A maior parte dos entrevistados (81,6%) relatou ter percebido um impacto na sua saúde mental, taxa que se apresentou de maneira regular entre as diversas profissões analisadas. Apenas uma parcela pequena destes trabalhadores recebeu algum tipo de apoio para o autocuidado. A categoria que menos recebeu esse apoio foi a dos agentes comunitários de saúde (ACS), com 14%.
 
Esse novo relatório reforça a percepção de que esses profissionais seguem em uma situação difícil. “Mesmo já tendo passado tantos meses em pandemia, quem está na linha de frente continua com baixo acesso a recursos e suporte, o que tem comprometido a saúde mental deles, porque a pandemia não acabou, e eles seguem lidando com dificuldades”, alerta Gabriela Lotta, uma das pesquisadoras responsáveis pelo estudo.
 
“Além disso, é importante estarmos atentos para os novos desafios que se apresentam nesse momento da pandemia e que incidem ainda mais sobre os profissionais de saúde. A campanha de vacinação contra Covid-19 e a atenção a pacientes com síndrome pós-Covid devem pautar a ação dos gestores públicos”, afirma Michelle Fernandez, outra co-autora do estudo.
 
A médica infectologista Sylvia Lemos, também professora da Universidade Federal de Pernambuco (UFPE), comenta que precisou instruir outros profissionais para enfrentar o novo coronavírus: “não fui treinada para enfrentar a Covid-19, mas treinei pessoas a distância. Tinha hora que eu queria 'colo', mas tinha que ser forte, a ‘liderança pelo exemplo’ e decidir pela vida dos outros. À noite, pensava...e se eu adoecer? Quem vai cuidar de mim?”
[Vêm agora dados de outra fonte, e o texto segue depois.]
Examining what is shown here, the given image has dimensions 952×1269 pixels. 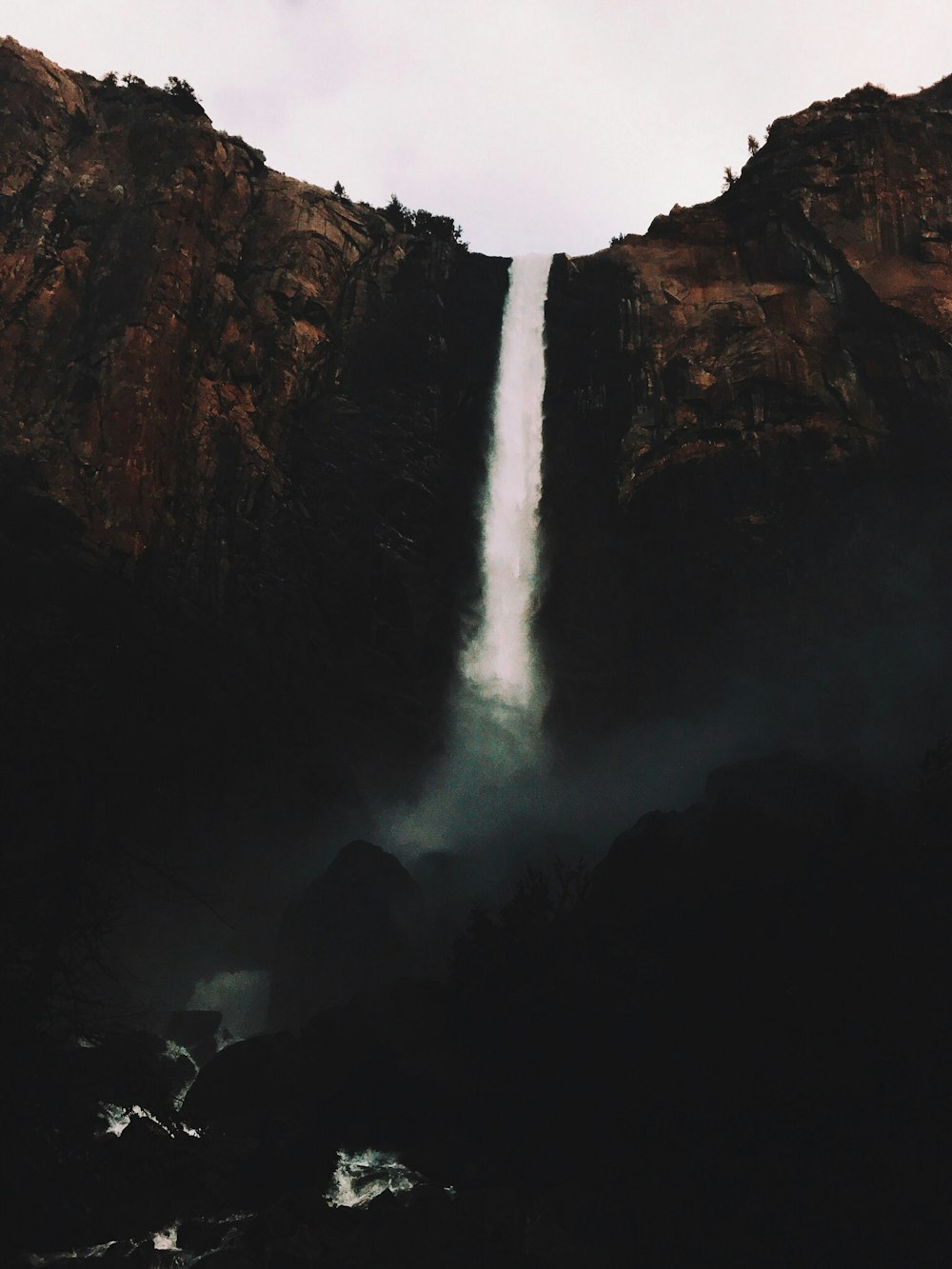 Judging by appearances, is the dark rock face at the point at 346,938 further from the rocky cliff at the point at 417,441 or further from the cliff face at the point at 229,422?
the cliff face at the point at 229,422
Sylvia também compartilha que o período exigiu muita dedicação e transformação. “Tive que me ressignificar como pessoa e profissional. Fiquei na linha de frente de janeiro a abril. Precisei sair de casa para proteger minha família, fui morar com duas médicas por 45 dias. Por ter 60 anos, fui considerada como grupo de risco e comecei a trabalhar como home office. Foi uma experiência totalmente nova e impactante”, diz.
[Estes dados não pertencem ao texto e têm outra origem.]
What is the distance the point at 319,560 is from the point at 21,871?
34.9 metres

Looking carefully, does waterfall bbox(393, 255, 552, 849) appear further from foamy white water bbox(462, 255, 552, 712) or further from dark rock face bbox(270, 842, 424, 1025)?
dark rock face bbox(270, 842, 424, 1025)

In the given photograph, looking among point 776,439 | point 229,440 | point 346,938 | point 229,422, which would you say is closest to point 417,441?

O médico psiquiatra Bruno Nascimento, Supervisor da área de Psiquiatria do Hospital Ulysses Pernambucano SES-PE, comenta a dificuldade de alcançar pessoas que precisam de acompanhamento para saúde mental fora da rede privada, inclusive profissionais da área: “Tem uma questão política importante que é a precariedade completa da rede pública de saúde mental no nosso estado. No Brasil também, quem tem condição de pagar um psiquiatra, um psicólogo e fazer um cuidado pessoal no campo privado, vai se virando. Mas os nossos serviços de psiquiatria estão completamente sucateados”.
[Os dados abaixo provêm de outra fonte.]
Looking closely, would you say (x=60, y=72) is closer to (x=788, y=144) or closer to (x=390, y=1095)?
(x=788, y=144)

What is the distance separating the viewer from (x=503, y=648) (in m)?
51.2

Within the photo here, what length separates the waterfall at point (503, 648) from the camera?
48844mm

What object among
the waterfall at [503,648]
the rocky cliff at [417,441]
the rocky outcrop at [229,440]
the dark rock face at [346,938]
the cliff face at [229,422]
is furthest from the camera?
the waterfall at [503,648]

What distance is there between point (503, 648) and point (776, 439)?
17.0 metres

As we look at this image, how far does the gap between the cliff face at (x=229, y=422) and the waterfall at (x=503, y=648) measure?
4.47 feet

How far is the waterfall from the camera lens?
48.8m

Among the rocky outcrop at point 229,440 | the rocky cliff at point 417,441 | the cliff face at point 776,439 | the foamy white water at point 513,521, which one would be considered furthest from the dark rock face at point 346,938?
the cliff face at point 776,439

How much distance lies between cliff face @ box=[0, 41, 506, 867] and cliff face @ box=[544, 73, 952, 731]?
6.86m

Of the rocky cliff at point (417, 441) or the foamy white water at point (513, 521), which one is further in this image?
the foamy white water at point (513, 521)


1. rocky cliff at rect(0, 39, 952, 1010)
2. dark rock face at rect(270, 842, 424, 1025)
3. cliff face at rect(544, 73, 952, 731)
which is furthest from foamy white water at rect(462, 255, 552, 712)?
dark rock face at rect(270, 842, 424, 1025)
"A forma da ansiedade se manifestar tem tudo a ver com a pandemia da Covid-19. Com a pandemia,  a gente ficou sem saber como é que vai ser o futuro, sem saber durante quanto tempo precisariam ser feitas as restrições, se vem uma nova variante ou não, como vai ficar nosso futuro. Todas essas questões estão completamente entrelaçadas com a questão da ansiedade. A vida presente fica difícil de ser levada pela invasão do futuro na própria realidade atual", acrescenta o psquiatra.
 
Para os profissionais da saúde de Pernambuco que precisam de suporte para cuidar da saúde mental, a Secretaria Estadual de Saúde (SES-PE) implementou durante a pandemia o Acolhe SES, estratégia que tem como objetivo oferecer suporte psicossocial e orientações sobre a rede de serviços de saúde aos profissionais que atuam na linha de frente do combate à Covid-19, iniciativa que acolhe também os familiares. Em setembro, a SES-PE migrou os atendimentos do Acolhe SES para o Atende em Casa. Com isso, o serviço de tele acolhimento fica totalmente concentrado nesta plataforma. A ferramenta pode ser acessada tanto pelos trabalhadores de saúde, inclusive aqueles que permanecem na linha de frente da Covid-19, quanto pela população em geral.